(What you are asked to do):
Extract every line between the one with "lululemon | Break" and the end of the entries, both included, word for word and free of pictures.

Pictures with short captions

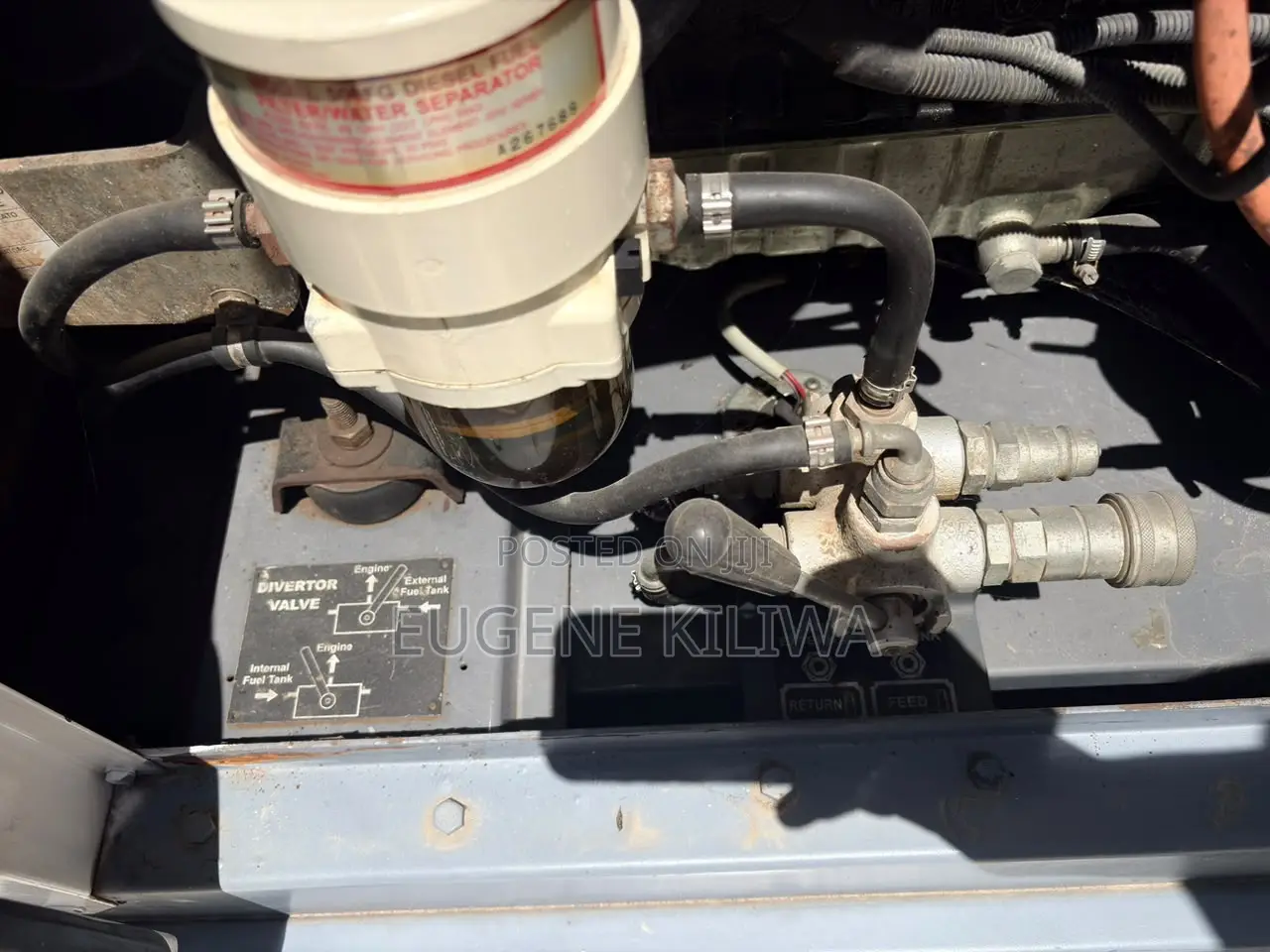 22Kva 3_Phase Diesel Generator -UK Brand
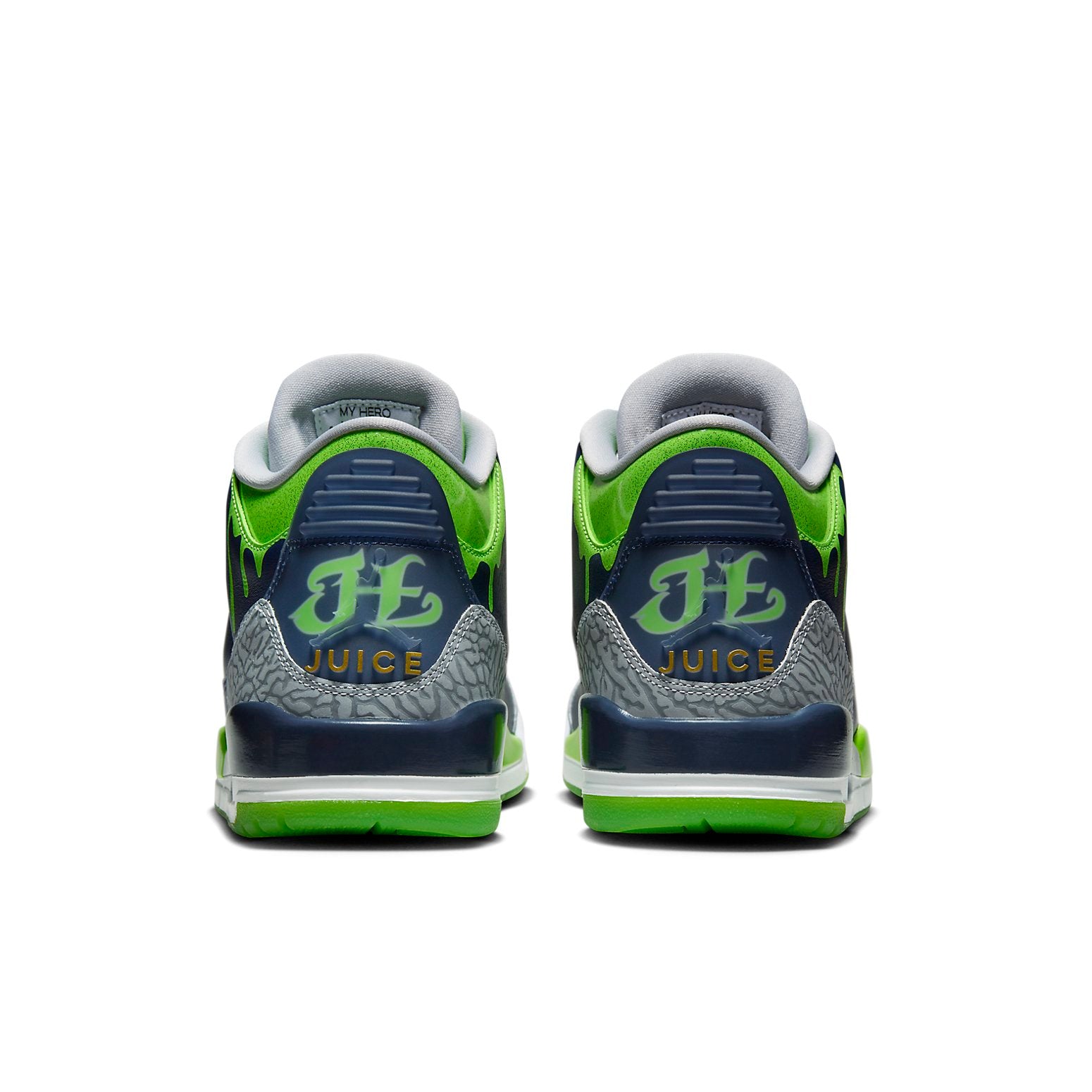 Air Jordan 3 Retro x Doernbecher XIX \'Navy Green\'  FZ3030-919 Iconic Trainers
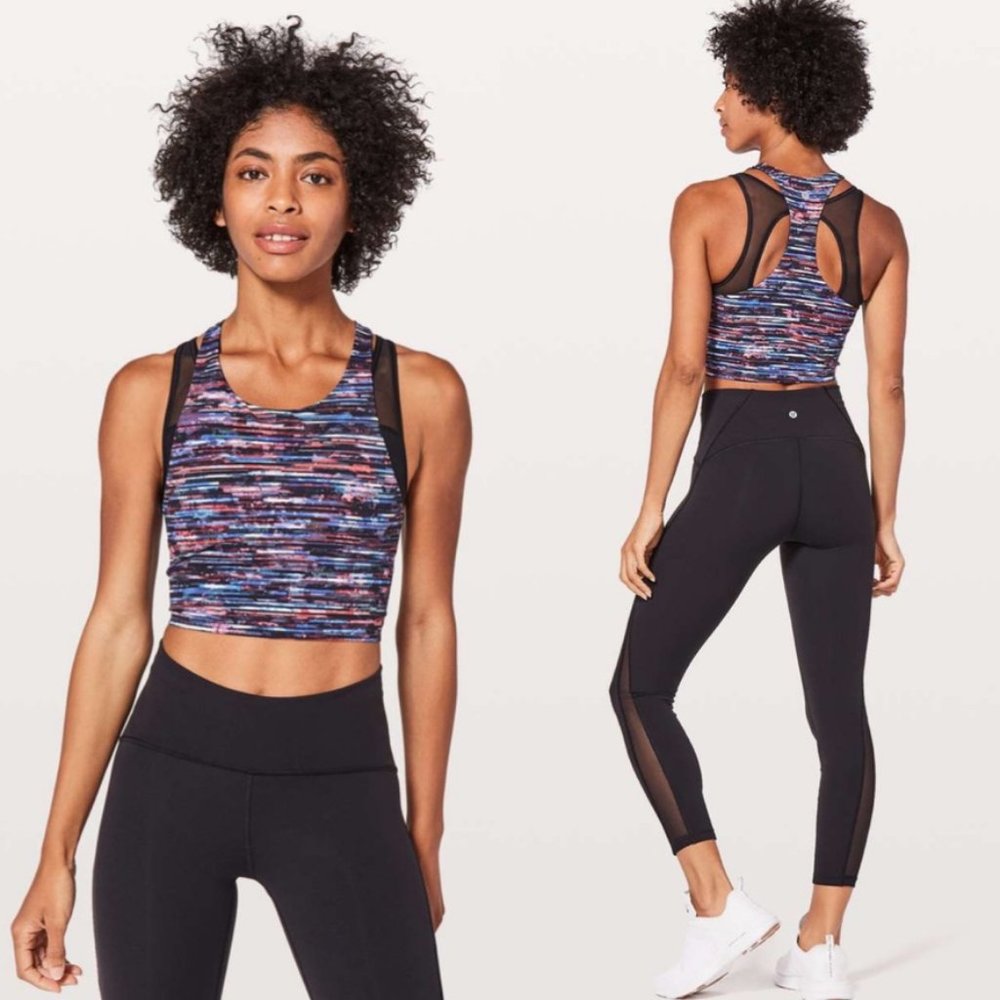lululemon | Break Free Tank *Nulux Hinshu Alpine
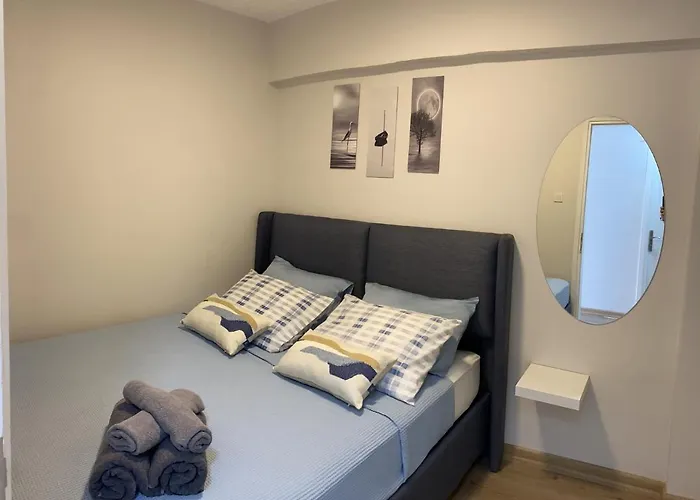 Sea View, Your In The Center Of Alsancak Apartamento *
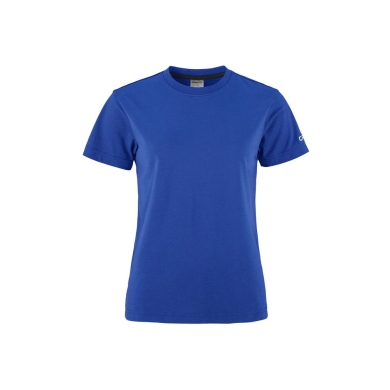 Craft Sport-Shirt Community 2.0 Tee (comfortable wearing experience) cobalt blue Ladies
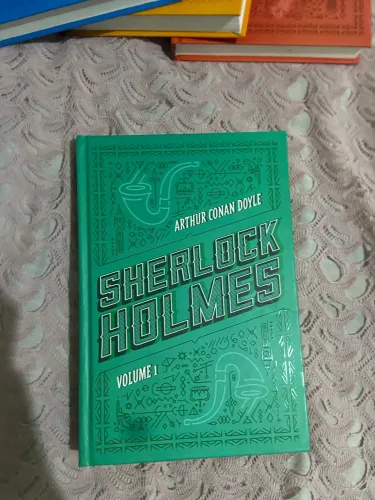 Box Sherlock Holmes Obra Completa - Capa Dura (HarperCollins) - Novo / Nunca Lido
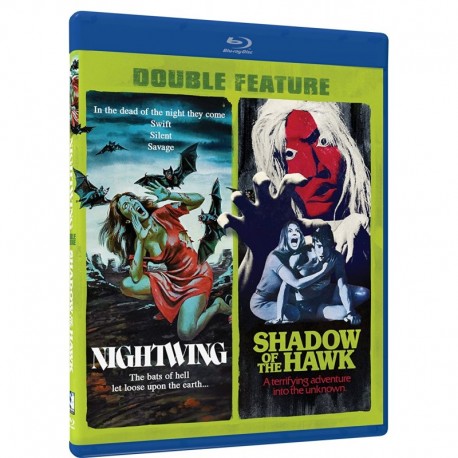 Nightwing Shadow of the Hawk Double Feature BD Blu-ray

(Task output):
lululemon | Break Free Tank *Nulux Hinshu Alpine
 Sea View, Your In The Center Of Alsancak Apartamento *
 Craft Sport-Shirt Community 2.0 Tee (comfortable wearing experience) cobalt blue Ladies
 Box Sherlock Holmes Obra Completa - Capa Dura (HarperCollins) - Novo / Nunca Lido
 Nightwing Shadow of the Hawk Double Feature BD Blu-ray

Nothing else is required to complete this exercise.